Read how this person cured his asthma the natural way

Demoting causes,  by calling them triggers,  makes people think that the causes are not so crucial,  and that maybe they should simply keep using their inhalers instead of making efforts to root out the cause of their asthma and remove these from their environment.

A cause is something  without which  an effect (such as asthma)  will not happen.  Therefore,  a cause is something without which you would not be asthmatic.   However, there may be more than one reason for an asthma attack.

We usually think of a trigger as something small that causes something big to happen suddenly.  A trigger is one form of cause.  But the implication is that the vital causes have to be there already if the trigger is to work,  and that the trigger is not important.   It is the cause which is essential.

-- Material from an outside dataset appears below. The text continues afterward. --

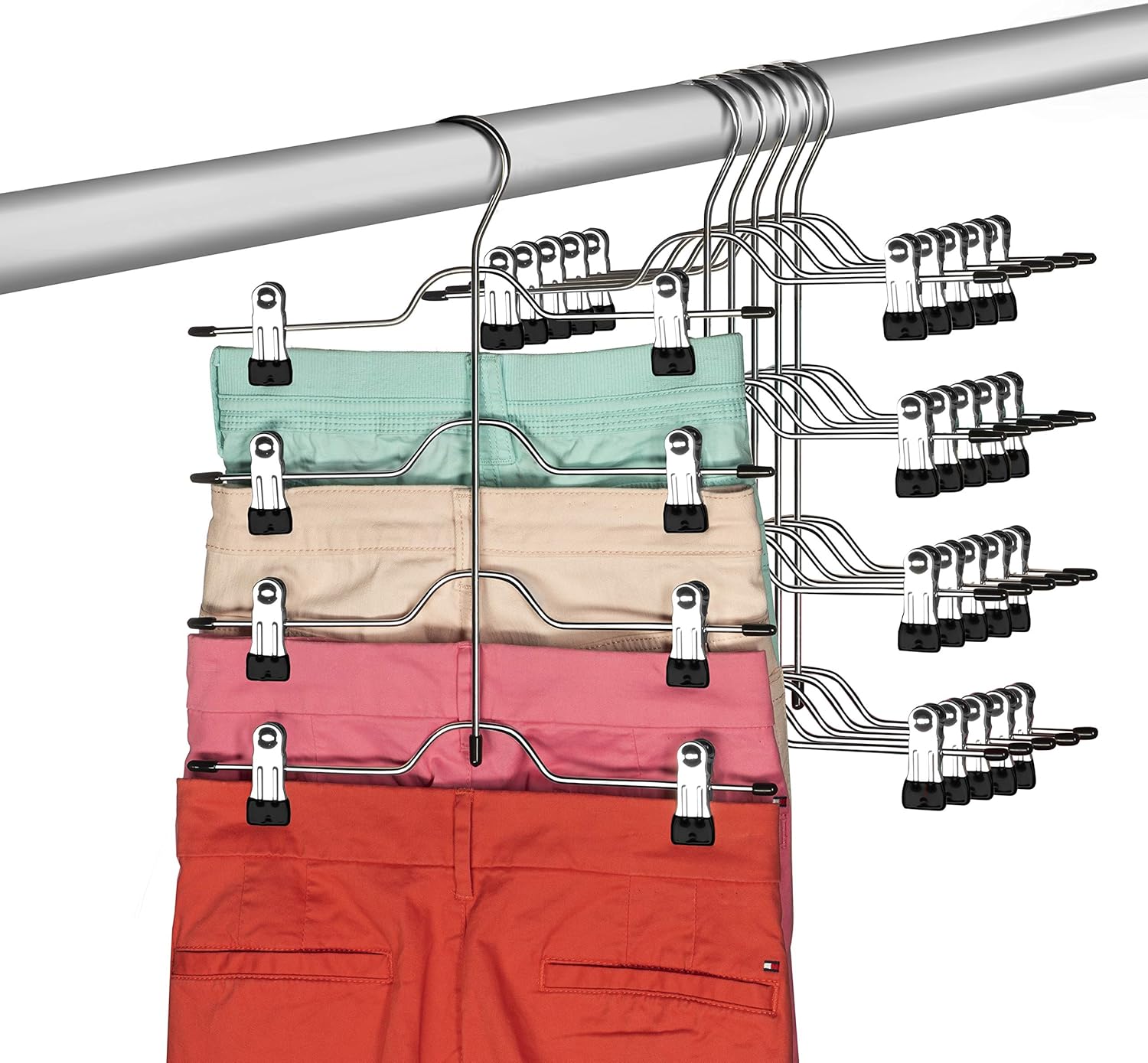 Zober Space Saving 4 Tier Skirt Hanger with Adjustable Clips (6 Pack) 4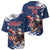 Custom USA Rugby Baseball Jersey Powerful Eagle Grunge Brush Style - Blue - Wonder Print Shop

For instance,  if you don’t have asthmatic lungs,  or your asthma is under control,  a cold virus won’t give you any symptoms of asthma.

In this sense,  it is fair to say the cold acts as a “trigger factor”.  Nevertheless, if you stopped catching colds, this would not stop you having asthma,  so in that sense it cannot be called the true cause of the disease.

But if you have an attack whenever you go near cats, and you know that cats have been the cause in the past, then a cat now can trigger an attack.   In other words,  a cat  can be a cause of asthma and also the trigger of an attack.

Concentrating only on the triggers of the attacks misses the really crucial point that contact with cats was a cause of the asthma in the first place.

Obviously,   an asthma sufferer will want to avoid both the triggers and causes of asthma, but the causes are more serious.   Without the reasons,  the triggers could do absolutely no harm.